Romney incorporated the individual mandate in the health care law he championed in Massachusetts. The law has sliced the number of the state’s uninsured, but Romney now says such a mandate has no place in a national reform and promises to repeal it.
Obama, for his part, praised the more popular provisions of the law during a fund-raising appearance in Boston on Monday, ticking off the lowering of prescription drug costs for seniors, the end of insurance companies discriminating against the very ill, and the addition of millions of young people to their parents’ health plans as the “right thing to do.” But he steered clear of addressing the controversial individual mandate and the Supreme Court case.
House Speaker John A. Boehner on Wednesday reaffirmed Republicans’ commitment to repeal any portion of the law left intact by the court. But last week he sent a memo to Republican members warning them against celebrating in the event the court strikes down part or all of the law.

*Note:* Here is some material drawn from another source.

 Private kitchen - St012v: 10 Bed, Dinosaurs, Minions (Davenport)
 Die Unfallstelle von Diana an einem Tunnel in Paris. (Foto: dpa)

“There will be no spiking of the ball,” Boehner wrote, mindful of a potential backlash against Republicans who have campaigned hardest against ObamaCare. Better, he said, to stay focused on economic issues.
Boehner advocated replacing the law with incremental reforms that focus on access, choice and cost containment, not rushing to pass a massive bill that the majority of Americans do not support.
Randy Barnett, a constitutional law professor at Georgetown whose argument against the individual mandate as a government intrusion laid the foundation for legal challenges to Obama’s law in the lower courts, said if the court upholds the law, he will scour the opinion to see if the justices were able to tailor it narrowly and set a limit on the powers of Congress.
“If they don’t, then Congress will now have carte blanche to impose purchase mandates on the American people,” he said. “That’s what I’m going to be doing at 10 a.m. — reading the fine print.”